«...Au total, il est donc tout naturel que vers 1930, en ce temps de contre-révolution sociale et artistique, les meilleurs romanciers américains prennent pour base d'opération le grand réalisme critique d'avant-guerre. Une métaphore militaire en amenant une autre, je crois qu'il faut admirer la stratégie indirecte des pères fondateurs et leur descendance, par laquelle ils pénètrent dans le dispositif ennemi, c'est-à-dire la culture de masse, afin d'opérer sur ses lignes de communication... Rions en tout cas encore une fois des feuillistes qui affirment sempiternellement de tel ou tel ouvrage qu'il est davantage qu'un "roman policier".
Le roman noir, grandes têtes molles, ne vous a pas attendus pour se faire une stature que la plupart des écoles romanesques de ce siècle ont échoué à atteindre.»
À travers ses chroniques, Jean-Patrick Manchette retrace histoire, théorie et critique du roman noir. Des textes souvent percutants, drôles et lucides, qui révèlent la passion de l'essayiste et la rigueur de l'analyste. Ce recueil rassemble l'intégralité des chroniques "Polars" parues dans Charlie Mensuel, des "Notes noires" de la revue Polar, et plusieurs textes et préfaces traitant du roman noir ou de ses maîtres, de Dashiell Hammett à James Ellroy.
Jean-Patrick Manchette (1942-1995), auteur de romans policiers, fut aussi critique de romans noirs et de cinéma, dialoguiste et scénariste de films, et traducteur.
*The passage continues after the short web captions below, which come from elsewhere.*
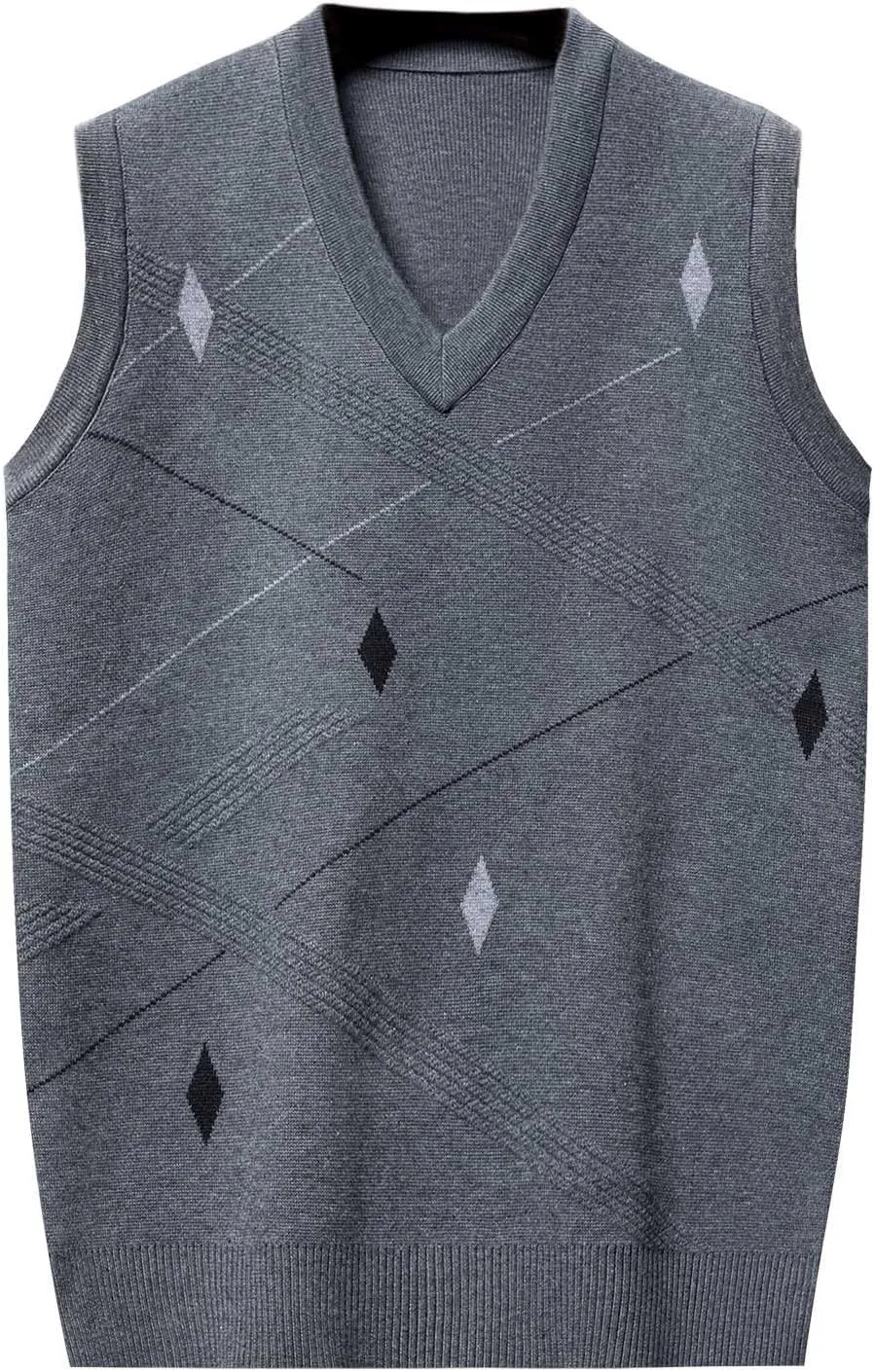 Sweater Vests for Men Business Casual Printed Knitted Sweaters Classic V-Neck Pullover Sleeveless Slim Fit Sweaters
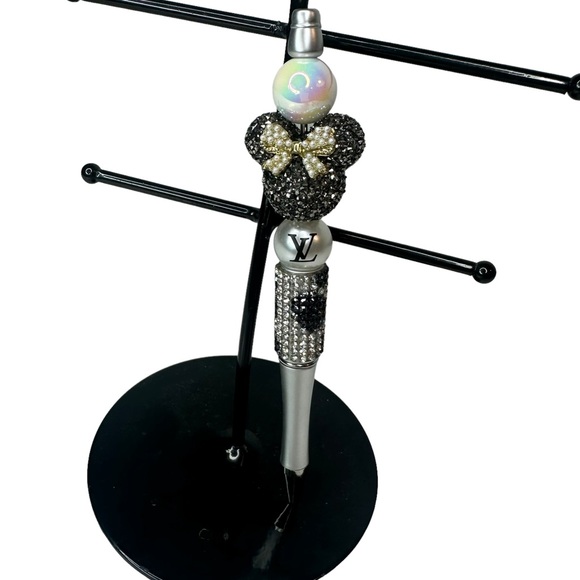 Jeweled Minnie Mouse Disney Louis Vuitton Leopard Silver Bow Beaded Ink Pen - Picture 11 of 14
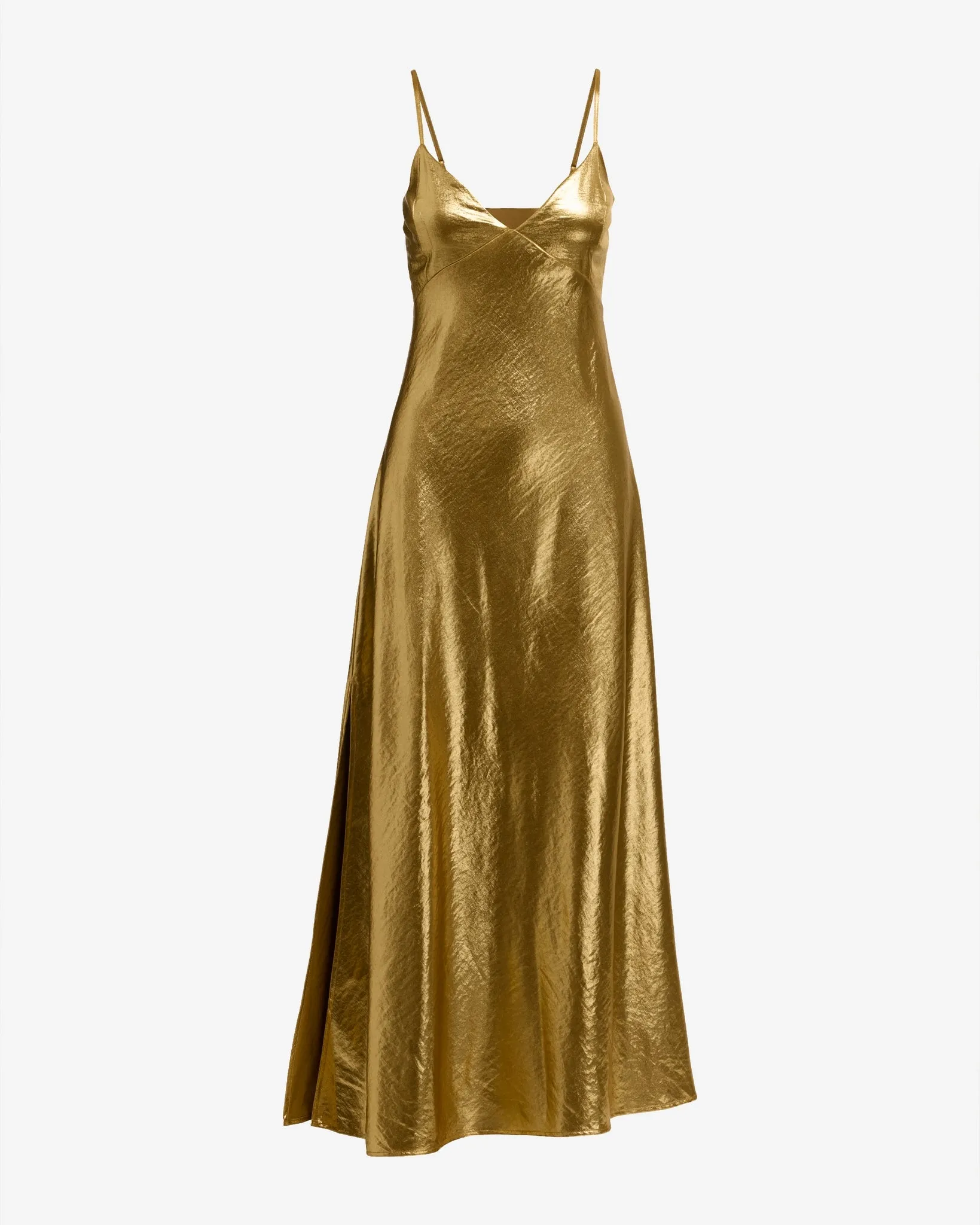 Metallic Satin Slip Dress Gold sold by Boston Proper product image thumbnail 2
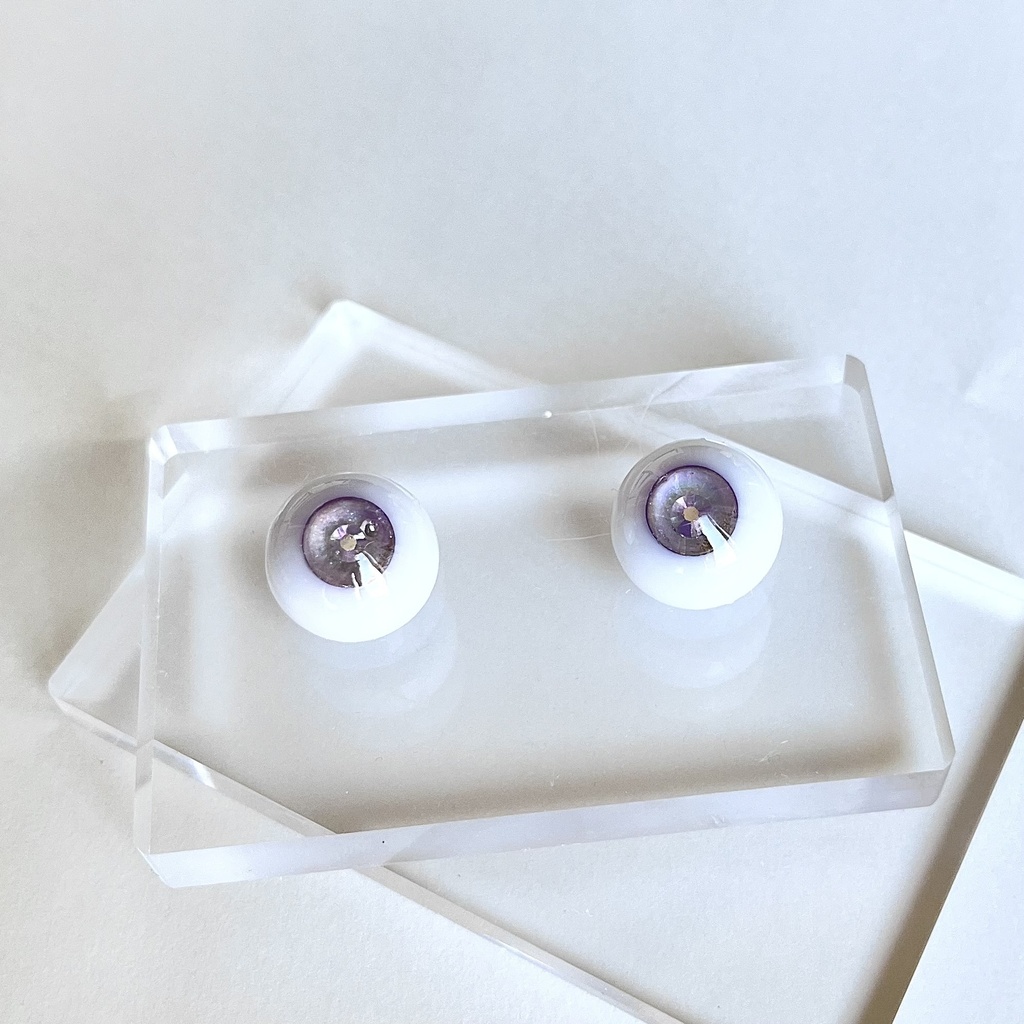 ドールアイ 18mm / 9mm 藤と雪 レジンアイ ハンドメイド 0050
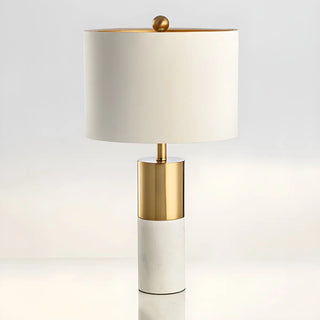 Modern White Cylinder Fabric Shade Stone Table Lamp Zawala Image - 8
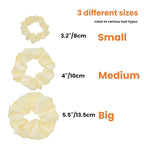 3 Pieces Satin Scrunchies Set for Hair No Crease Elastic Hair Ties for Women and Girls (Beige)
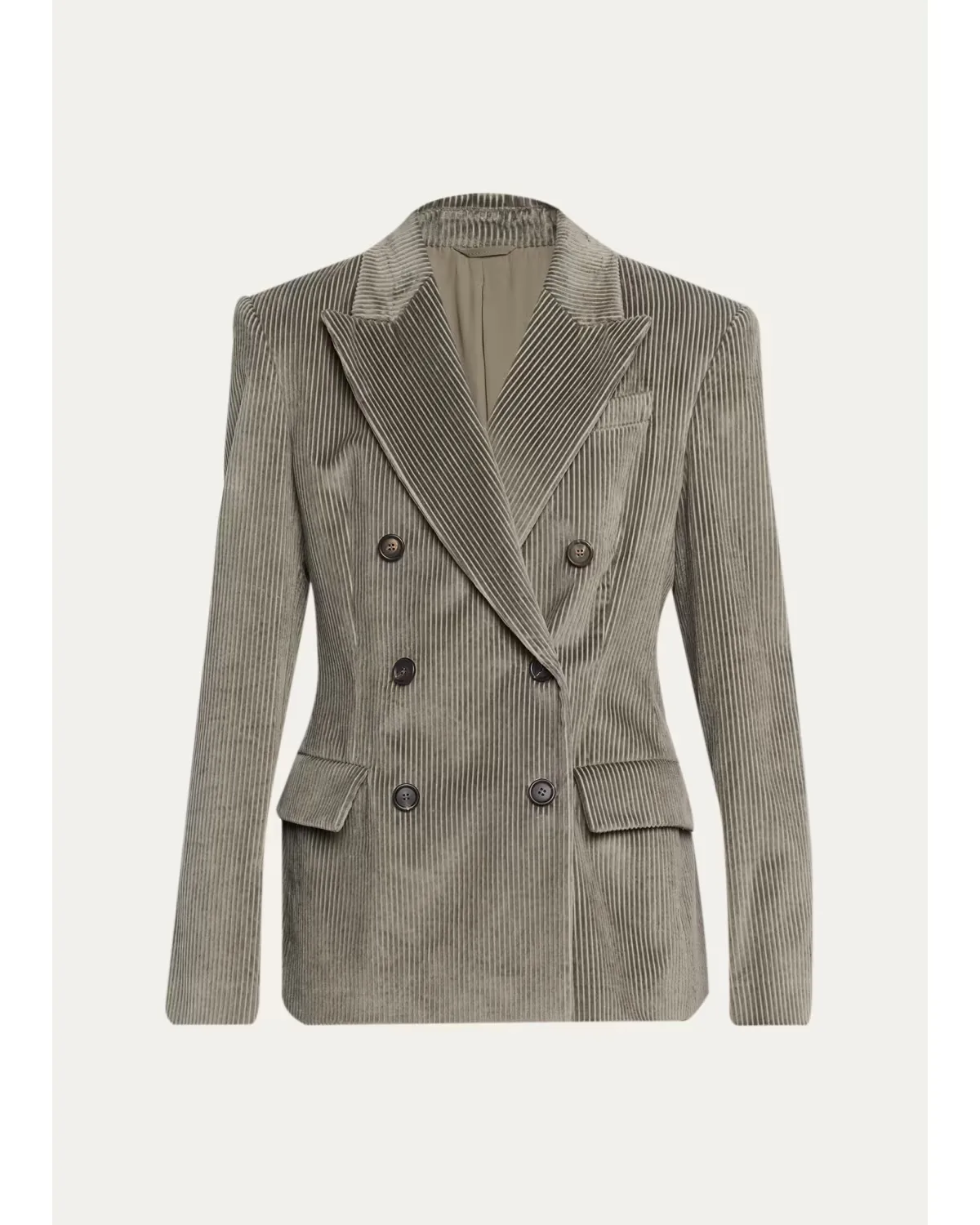 Corduroy Double-Breasted Suit-Type Jacket by Brunello Cucinelli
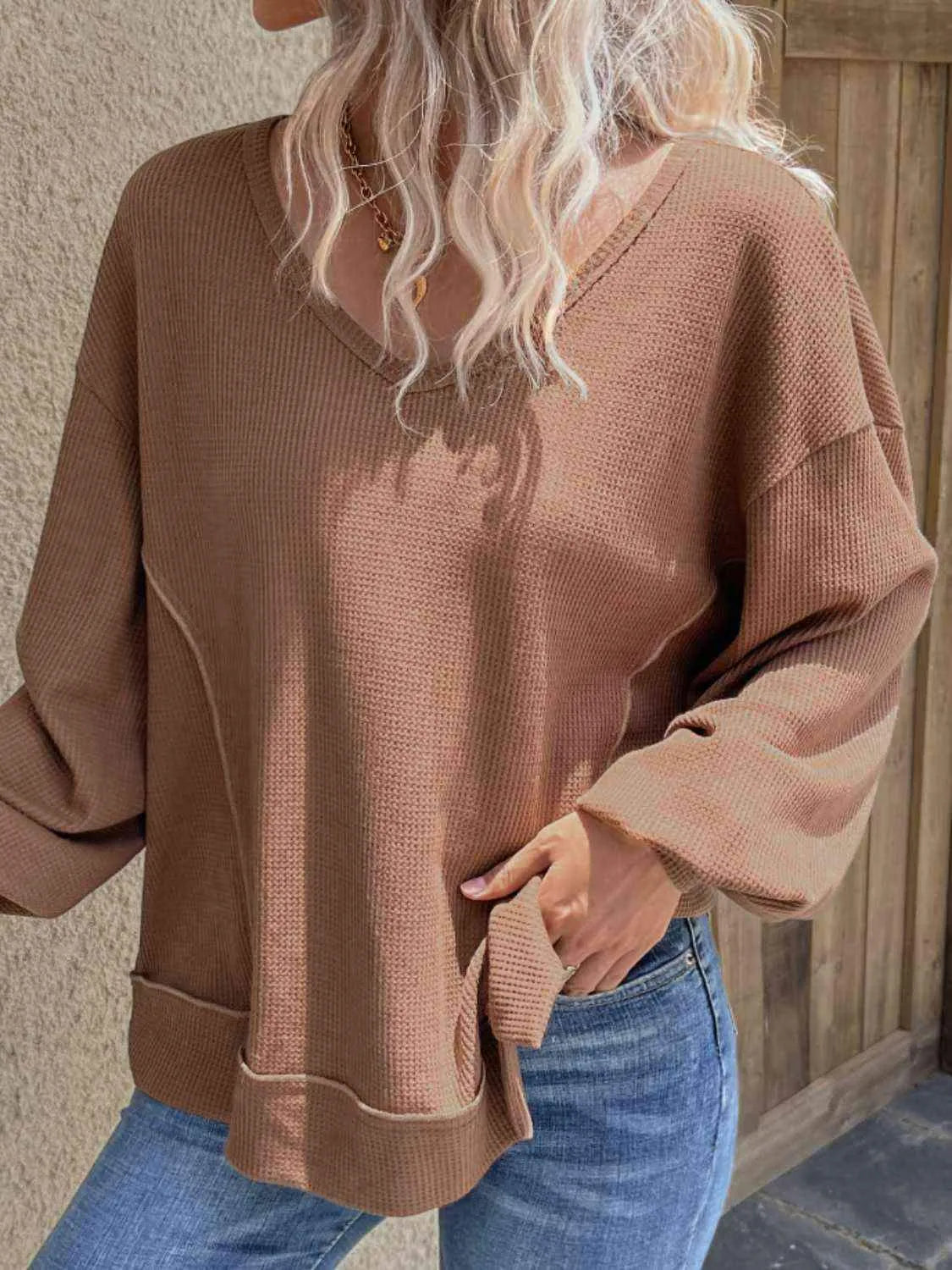 V-Neck Waffle-Knit Slit Top Blouses - Tophatter Daily Deals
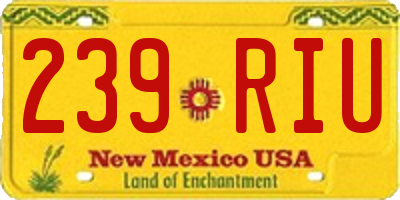 NM license plate 239RIU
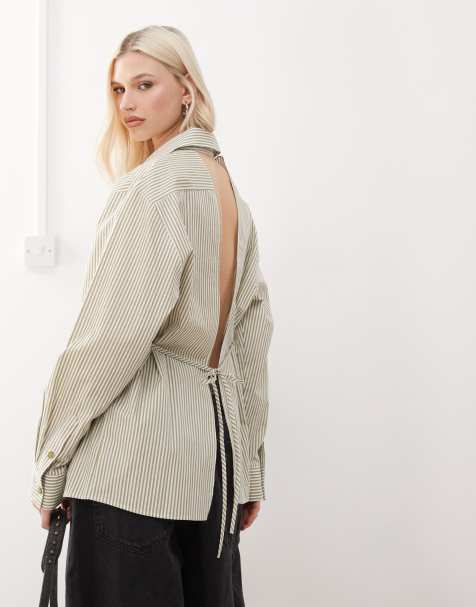 COLLUSION open back shirt in green & white stripe - view 1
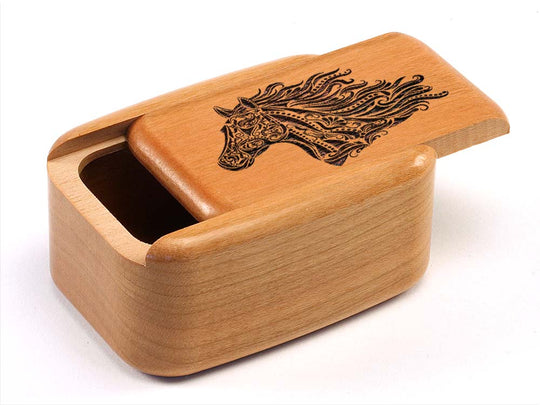 Opened View of a 3" Tall Wide Cherry with laser engraved image of Pattern Horse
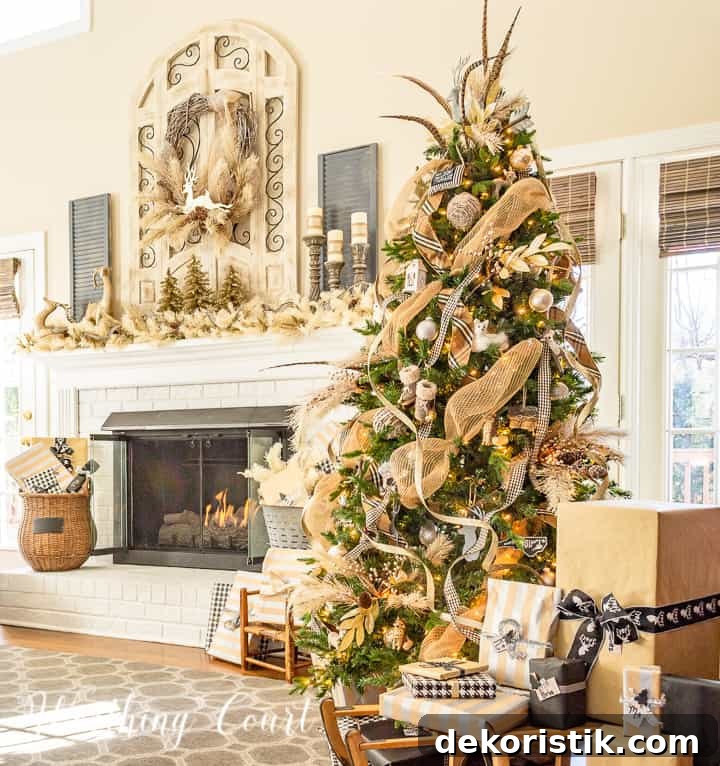 5 Christmas Prep Tasks to Do Today 9 Christmas tree and fireplace decorated with neutral colors.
Il est considéré comme le « pape du néo-polar », bien qu'il se situe dans la tradition des grands maîtres du polar américain comme Hammett ou Chandler. Il est très tôt militant, avec notamment la lutte contre la guerre d'Algérie, puis dans l'extrême gauche dans la mouvance situationniste. Passionné de jazz et de polars américains, il commence par écrire des scénarios de court-métrage, des films sexy avec le réalisateur Max Pécas et des épisodes de la série télévisée Les Globe-trotters. Il débarque dans la Série noire en 1971 avec Laissez bronzer les cadavres (avec Jean-Pierre Bastid) et L'Affaire N'Gustro. Neuf autres romans suivront. Il est aussi traducteur (Robert Littell, Robert Bloch, John Buell, Ross Thomas et Donald Westlake), critique littéraire dans Charlie Mensuel, Polar et occasionnellement Libération. Il participe à de nombreux scénarios de séries télévisées et de cinéma et dirige la collection de science-fiction Futurama. Il arrête d'écrire des fictions en 1982. Atteint d'une grave forme d'agoraphobie, il passera l'essentiel de ses dernières années cloîtré chez lui. Il décède le 3 juin 1995.